Ensuring peace vs. preparing for war

By Molly Ivins

AUSTIN -- Thanks to U.N. Secretary-General Kofi Annan and all the peacemakers around the globe, including those who ruined the administration's television show in Ohio. If we put just half as much money into working for peace as we do into preparing for war, we wouldn't have to contemplate killing hundreds of thousands of innocent people in order to accomplish jack.

And now that we've spent not-enough-time on the obligatory "whew-and-thanks," let me suggest that we shift our focus to a little matter of the first priority. Something more important than war and peace? The economy? Jobs? Poverty? The homeless? Education? Housing? Yup.

Why don't we spend just half as much money on ensuring peace as we do on preparing for war? Because peace groups don't make big campaign contributions, and weapons manufacturers make huge ones. In fact, weapons manufacturers contribute so much money to politicians that politicians often vote to spend the public's money on weapons we don't need and even on weapons that are pretty useless.

More concerned about the economy than campaign finance? Why do you think the bottom 50 percent of the people in this "booming economy" have yet to get back to where they were before the last recession? Why do you think Congress, after years and years of cutting and cutting and cutting social programs, took a great swag of money last summer -- before we had a balanced budget -- and gave it to the wealthiest people in this country in the form of tax cuts? Because the wealthy give big campaign contributions, and people in need do not.

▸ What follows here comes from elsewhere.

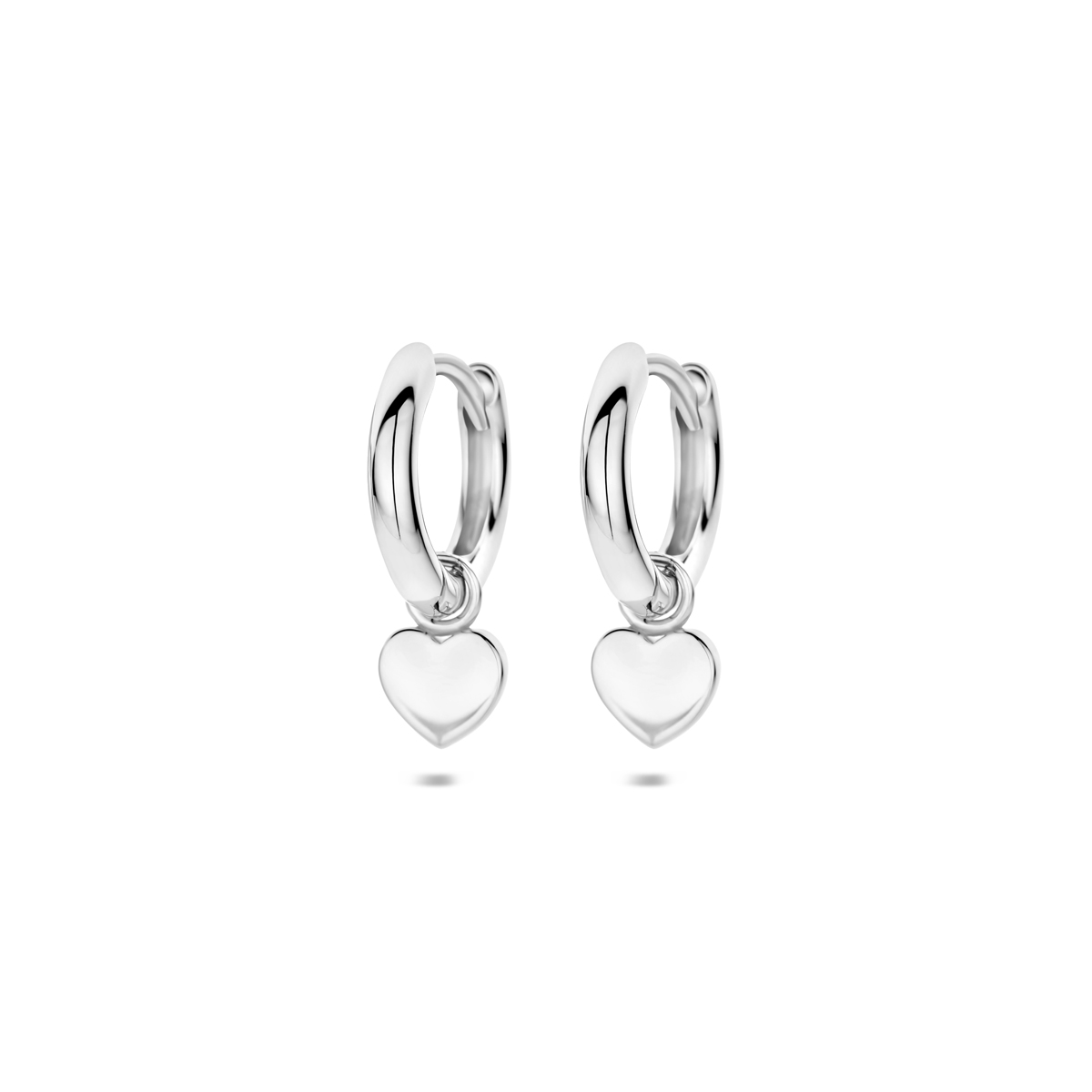 Gerhodineerd 925 zilveren oorringen uitgevoerd met een hangertje in de vorm van een hartje. De oorringen hebben een diameter van 12mm. De hartjes hebben een afmeting van 5.5x5.5mm.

Go right on down the list, and the answer every time, in every area of governance, is that decisions are not made according to what the people need or what is best for the country -- decisions are made according to who gave how much money.

That's why it's especially frustrating to see polls showing most Americans favor campaign finance reform but they don't think it's all that important. Just scouting around the country myself, I have yet to find anyone who doesn't "get it," who doesn't see the connection between campaign contributions and political corruption. But they have no idea how much it costs them personally.

This week, the Senate once more takes up the McCain-Feingold bill, a now much-watered-down version of campaign finance reform but one that would have the happy effect of banning soft money (the unlimited swag that goes to parties instead of candidates). Because the Republican Party gets the biggest share of soft money, it opposes reform.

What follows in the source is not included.